I'm trying to prove that $\sum_{n=-\infty}^\infty\frac{1}{(z-n)^2}$ converges uniformly on any (open) disc that does not contain any integer. Need to prove that $\sum_{n=0}^\infty\frac{1}{(z-n)^2}$ and $\sum_{n-=\infty}^{-1}\frac{1}{(z-n)^2}$ converge in the above sense.
First, let's consider the first series. Let $D(a,r)$ be the open disc centered at $a$ of radius $r$. I guess I need to apply the Weierstrass $M$-test, but I don't know how. I certainly need the triangle inequality: if $z\in D(a,r)$, then $d(z,n)\ge d(a,n)-d(z,a)> d(a,n)-r$ where $n$ is any integer (or in this case any natural number, including zero). Then $\frac{1}{(z-n)^2} <\frac{1}{(d(a,n)-r)^2}$, but this doesn't actually give anything. I guees I need to make the last expression less than $1/n^2$, but how?

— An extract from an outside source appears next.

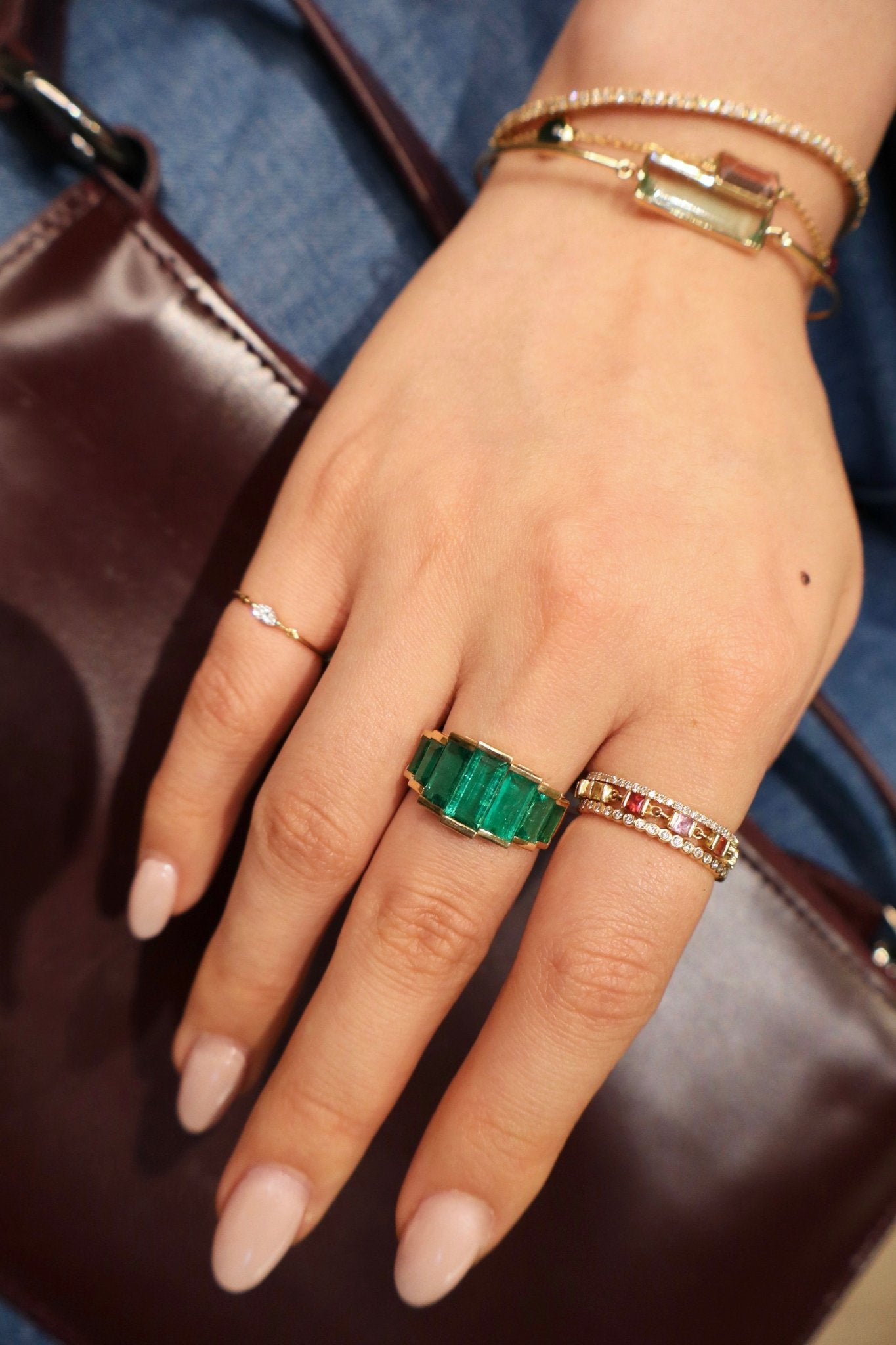 Emerald Rhythm Supreme Ring 18k gold engagement ring on model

For the second sum, I think everything should be analogous, but Why does the Weierstrass $M$-test can be applied to sums from $-\infty$ to $-1$? (And to begin with, what does it mean for such a sum to be convergent? It cannot be written in the usual form $\sum_{n=1}^\infty\frac{1}{(z+n)^2}$, can it?)